■ Problem details ■
Write out nothing but the lines from the first line of the entries below through the line with "MOZMY Lastenrad Abdeckung"; no pictures go in.

■ Data to process ■
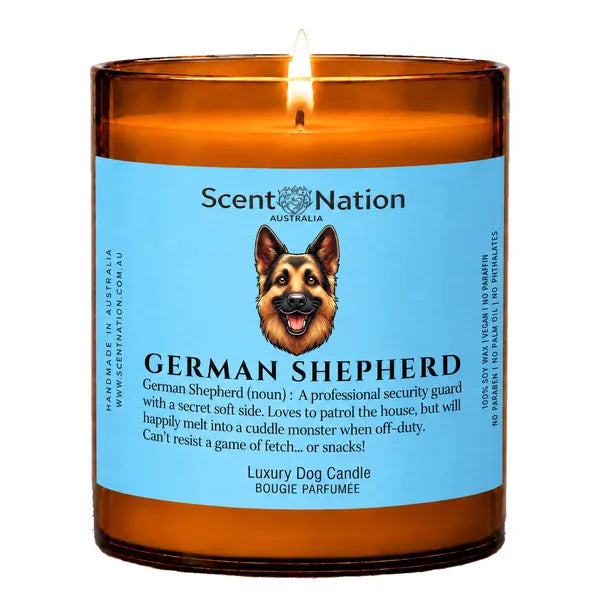 German Shepherd Dog Gifts – German Shepherd dog noun candle with a hand-drawn portrait and funny dictionary definition on a baby-blue label, Large 285g amber jar, for dog lovers in Australia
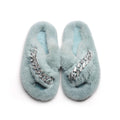 Women's Furry Cross Chain Slippers - AM APPAREL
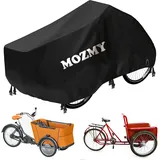 MOZMY Lastenrad Abdeckung Lastenfahrrad Abdeckung Wasserdichte 420D Oxford Fahrradgarage für Lastenrad UV-Schutz Reißfest, Schutzhülle für Fahrradanhänger - 220x100x105 cm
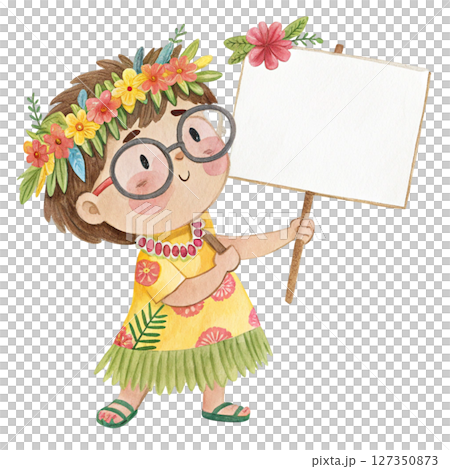Child wearing Hawaiian costume  wearing glasses  standing holding a white sign blank 127350873
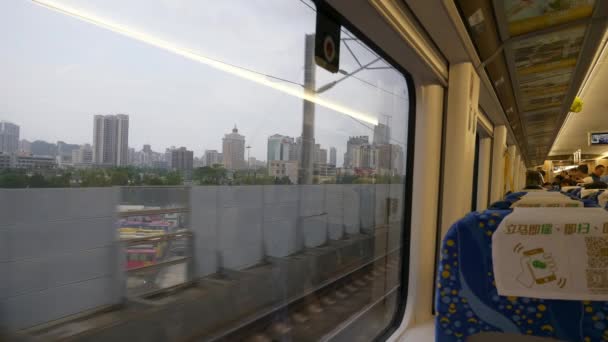 Shanghai Wuhan Train Wagon Ride Window Pov Panorama China — 图库视频影像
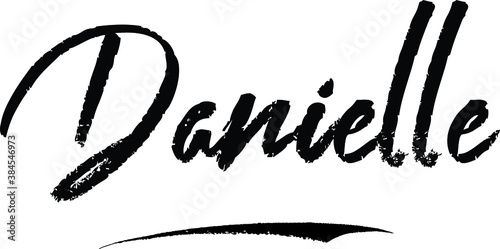 Danielle Female name Modern Brush Calligraphy on White Background photo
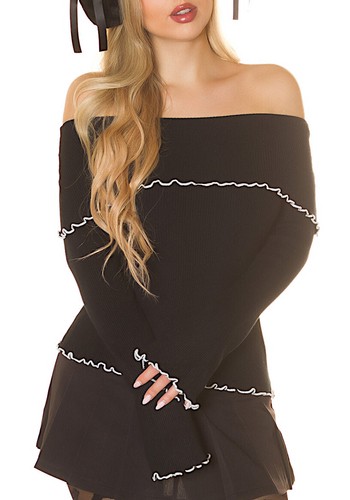 Pull femme col bateau - pull,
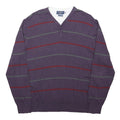 ATLANTIC BAY Mens Purple & Red Patterned V-Neck Basic Knit 2XL Jumper Cotton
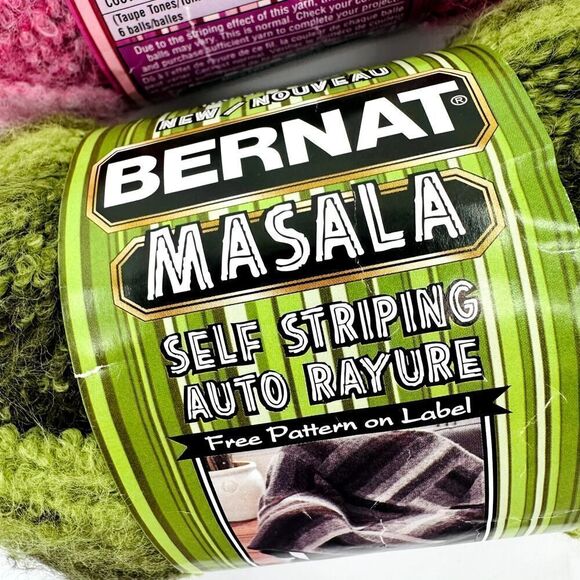 Bernat Masala Bulky Yarn Self Striping Pink Hyacinth Hues Green Thyme Tones (2) - Picture 2 of 7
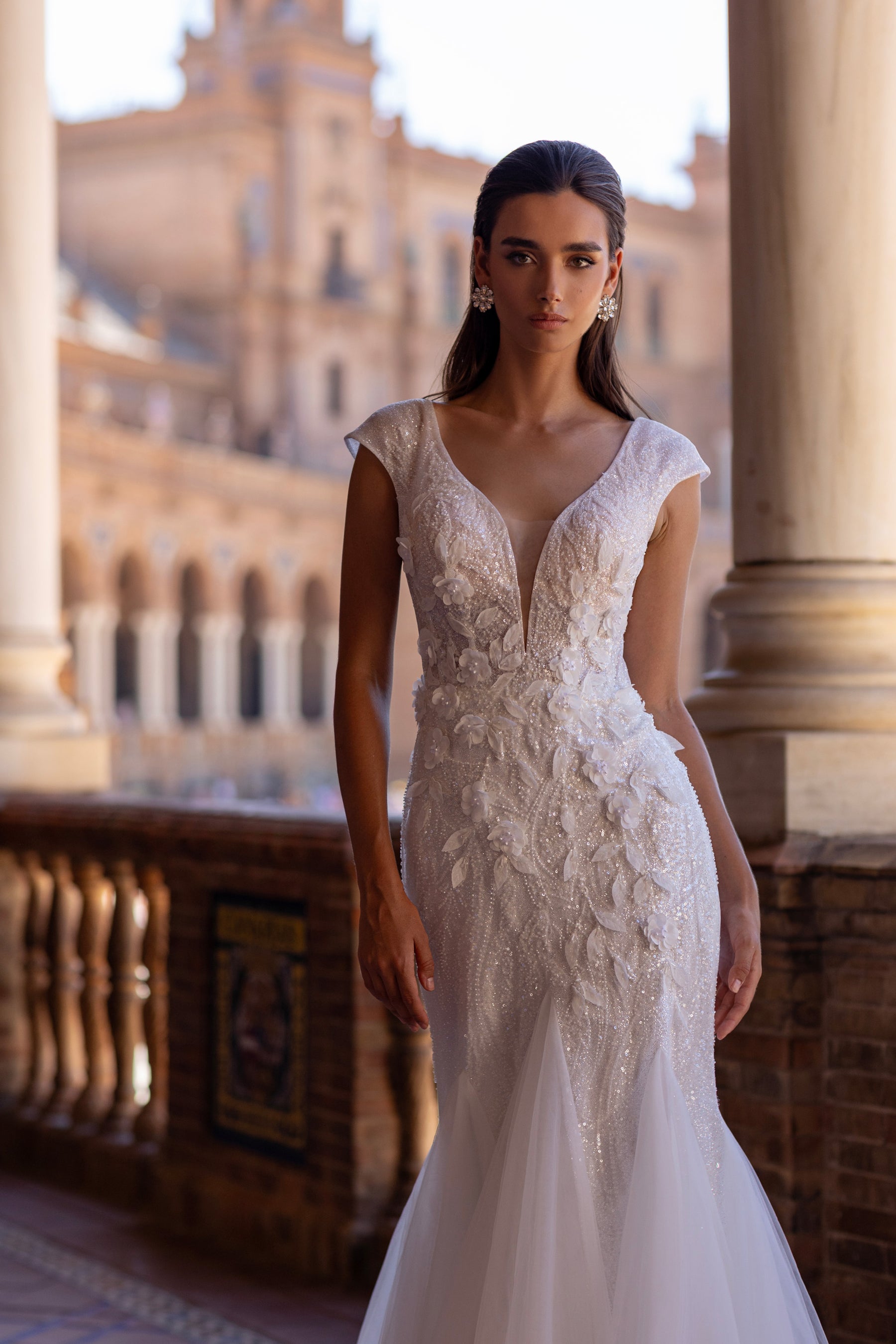 Sparkly Mermaid Wedding Dress with 3D Floral Appliqués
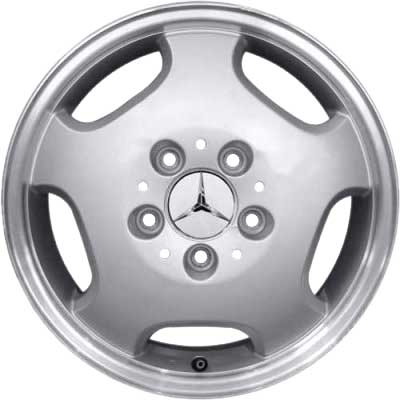 Mercedes Merak [168-15] Standard Silver with High Sheen Rim Edge Alloy Wheel Product Image #1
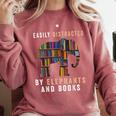 Easily Distracted By Elephants And Books Elephant Comfort Colors Sweatshirt Orchid Easily Distracted By Elephants And Books Elephant Comfort Colors Sweatshirt Orchid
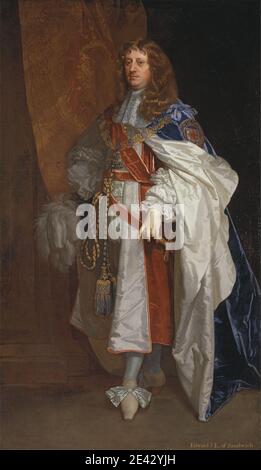 Sir Peter Lely, 1618–1680, néerlandais, actif en Angleterre (de 1643), Edward Montagu, premier comte de Sandwich, 1660 à 1665. Huile sur toile. Culottes , manteau , costume , costume , double , comte , plumes , intérieur , Chevalier du Garter , homme , portrait , épée , pampille , gilet. Montagu [Mountagu], Edward, premier comte de Sandwich (1625-1672), officier militaire et naval et diplomate Banque D'Images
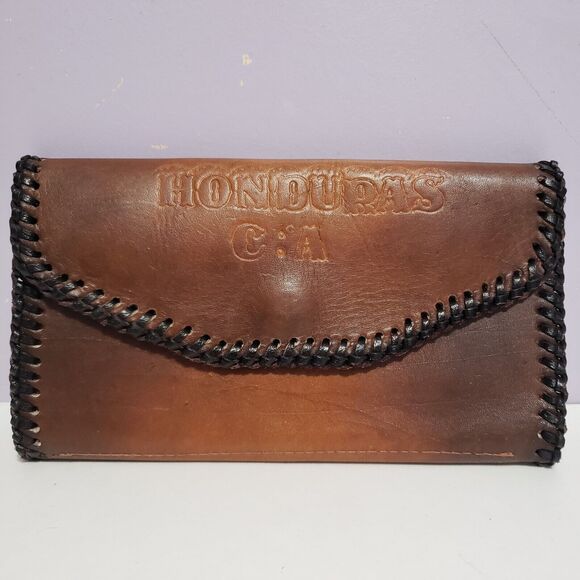 Handmade Leather Trifold Women's Wallet 7" - Picture 1 of 11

■ Written solution ■
 German Shepherd Dog Gifts – German Shepherd dog noun candle with a hand-drawn portrait and funny dictionary definition on a baby-blue label, Large 285g amber jar, for dog lovers in Australia
 Women's Furry Cross Chain Slippers - AM APPAREL
 MOZMY Lastenrad Abdeckung Lastenfahrrad Abdeckung Wasserdichte 420D Oxford Fahrradgarage für Lastenrad UV-Schutz Reißfest, Schutzhülle für Fahrradanhänger - 220x100x105 cm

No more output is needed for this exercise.